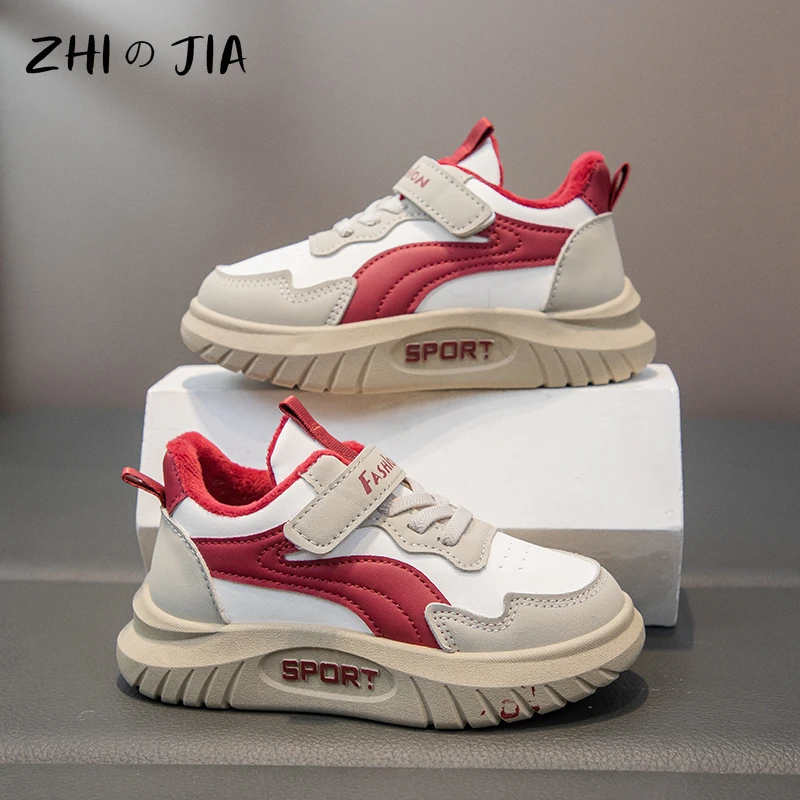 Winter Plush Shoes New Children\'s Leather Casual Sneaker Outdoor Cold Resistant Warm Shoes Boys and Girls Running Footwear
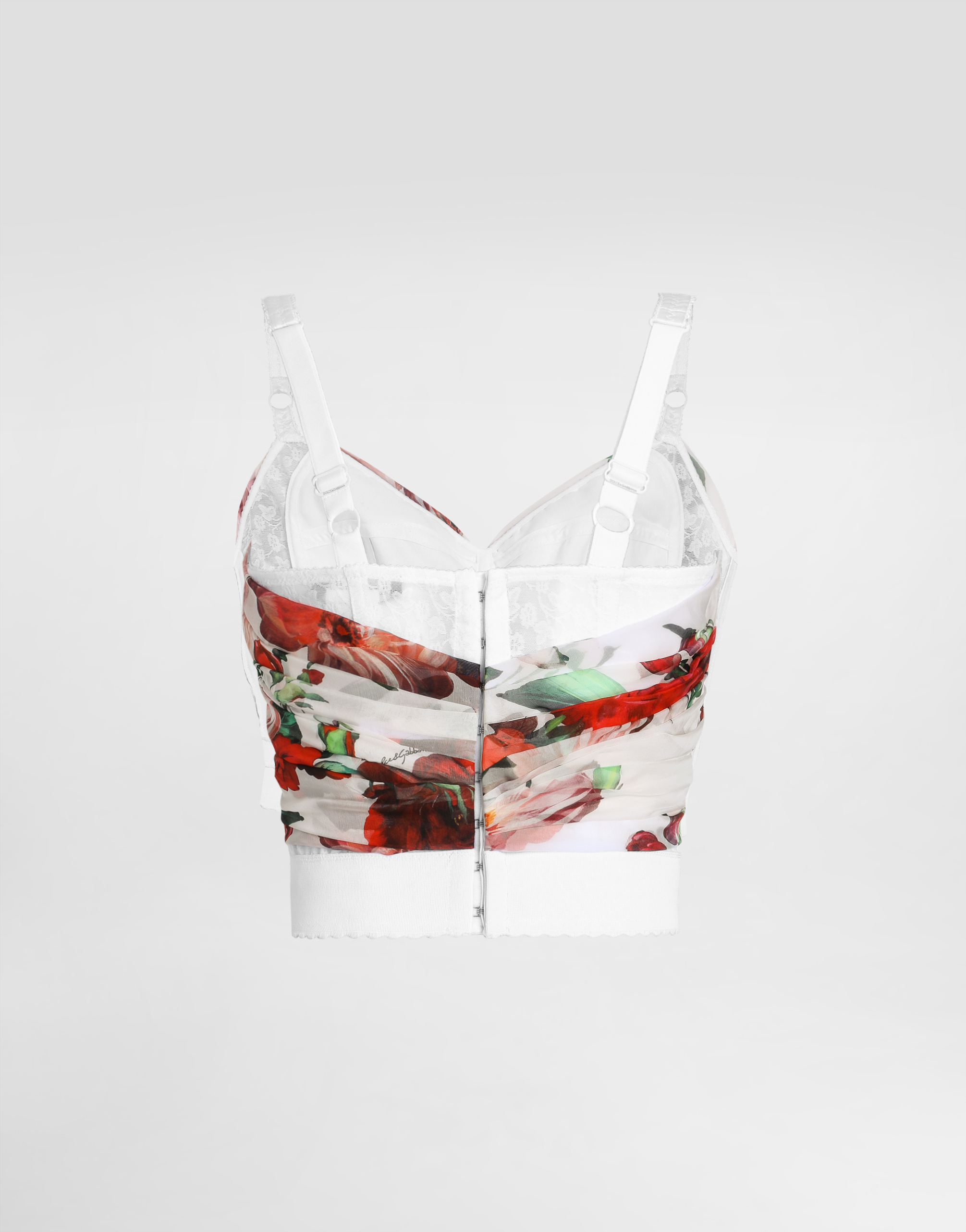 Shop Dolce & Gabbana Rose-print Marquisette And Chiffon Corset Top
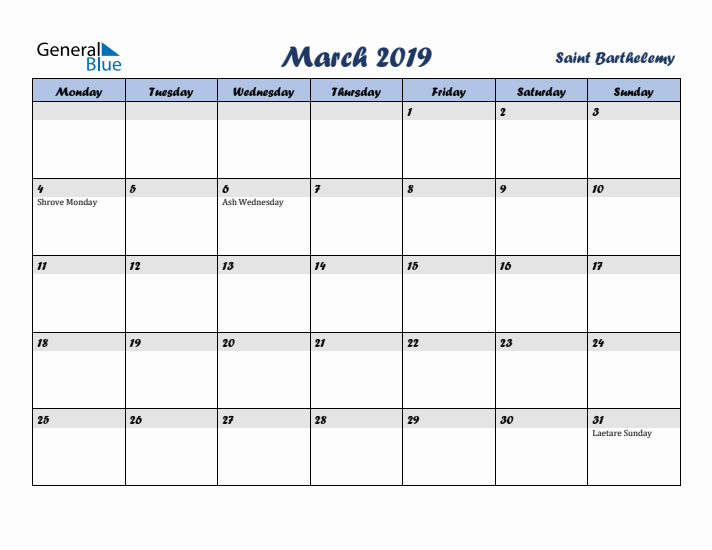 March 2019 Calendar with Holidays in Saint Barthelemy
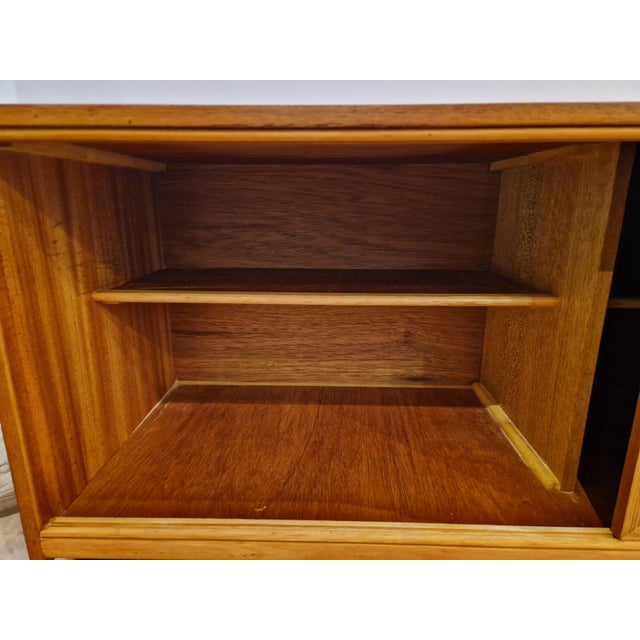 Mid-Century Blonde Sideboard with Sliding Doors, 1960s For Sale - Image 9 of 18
☆ ☆ ☆ ☆ ☆
▶ Brief
Please reproduce only the lines from the one holding "Shop Dolce &" through the final line of the listing above, both included, with each picture left out.

▶ Written answer
 Shop Dolce & Gabbana Rose-print Marquisette And Chiffon Corset Top
 March 2019 Calendar with Holidays in Saint Barthelemy
 Mid-Century Blonde Sideboard with Sliding Doors, 1960s For Sale - Image 9 of 18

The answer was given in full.